What is being asked —
No pictures, please: print exactly the lines from the one that contains "You can create" through the last line of the listing.

Supplied material —
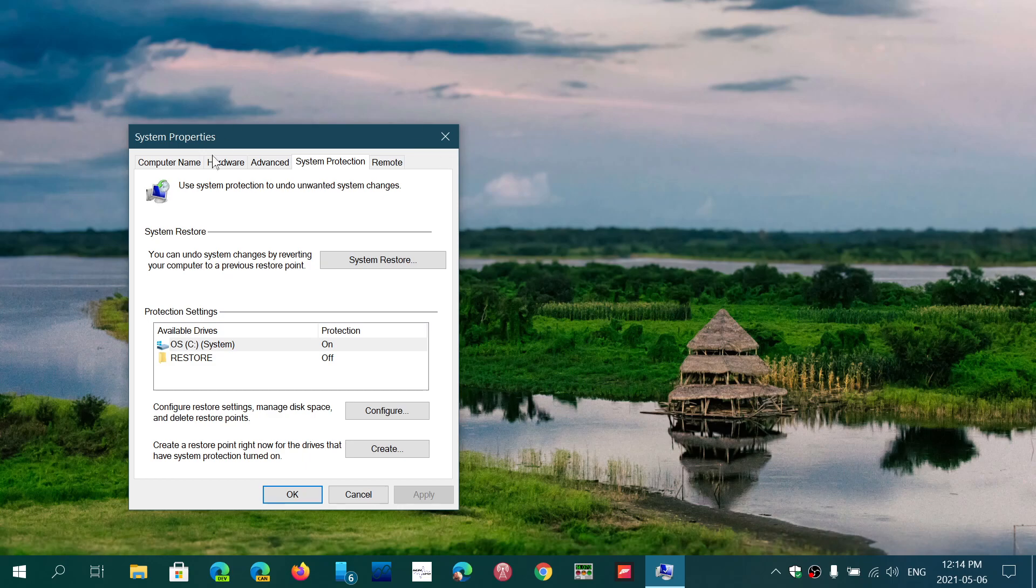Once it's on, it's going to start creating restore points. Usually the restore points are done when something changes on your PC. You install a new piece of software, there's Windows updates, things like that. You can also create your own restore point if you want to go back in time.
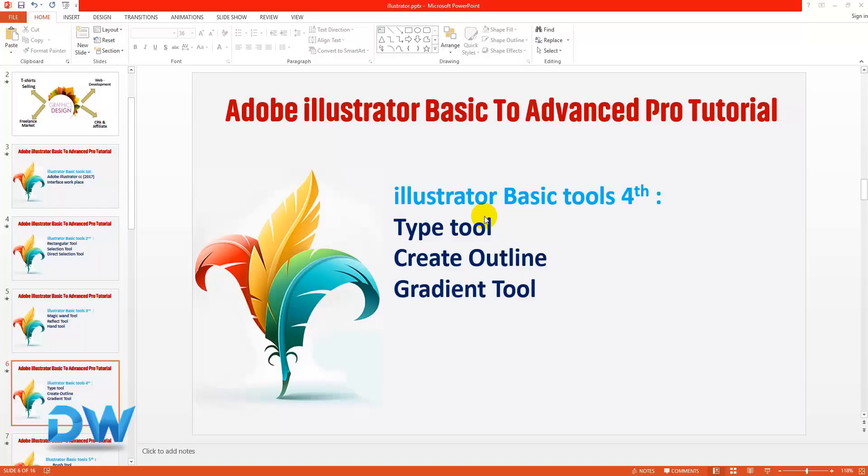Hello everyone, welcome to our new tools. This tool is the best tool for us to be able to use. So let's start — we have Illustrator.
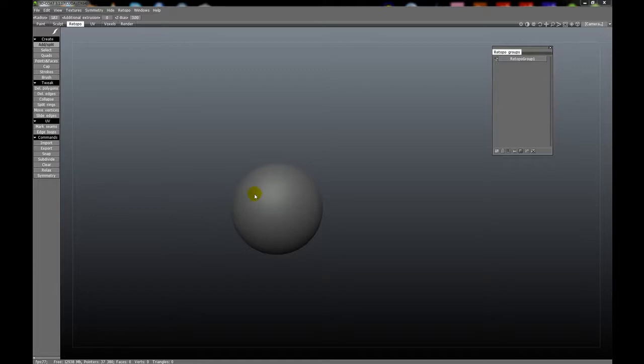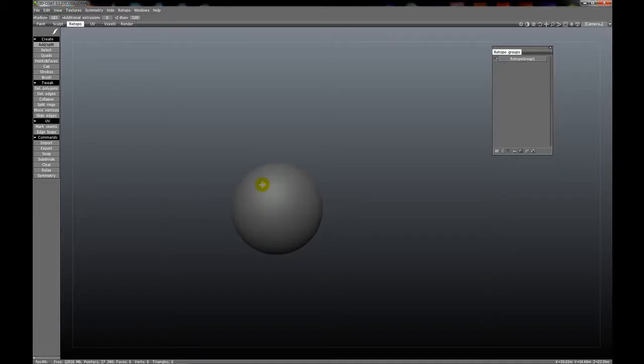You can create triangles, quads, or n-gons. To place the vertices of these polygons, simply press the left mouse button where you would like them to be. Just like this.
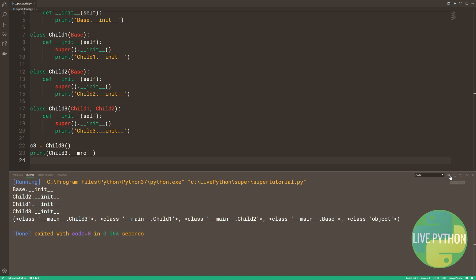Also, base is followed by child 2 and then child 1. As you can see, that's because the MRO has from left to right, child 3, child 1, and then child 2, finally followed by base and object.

Answer to this problem —
You can create triangles, quads, or n-gons. To place the vertices of these polygons, simply press the left mouse button where you would like them to be. Just like this.
Also, base is followed by child 2 and then child 1. As you can see, that's because the MRO has from left to right, child 3, child 1, and then child 2, finally followed by base and object.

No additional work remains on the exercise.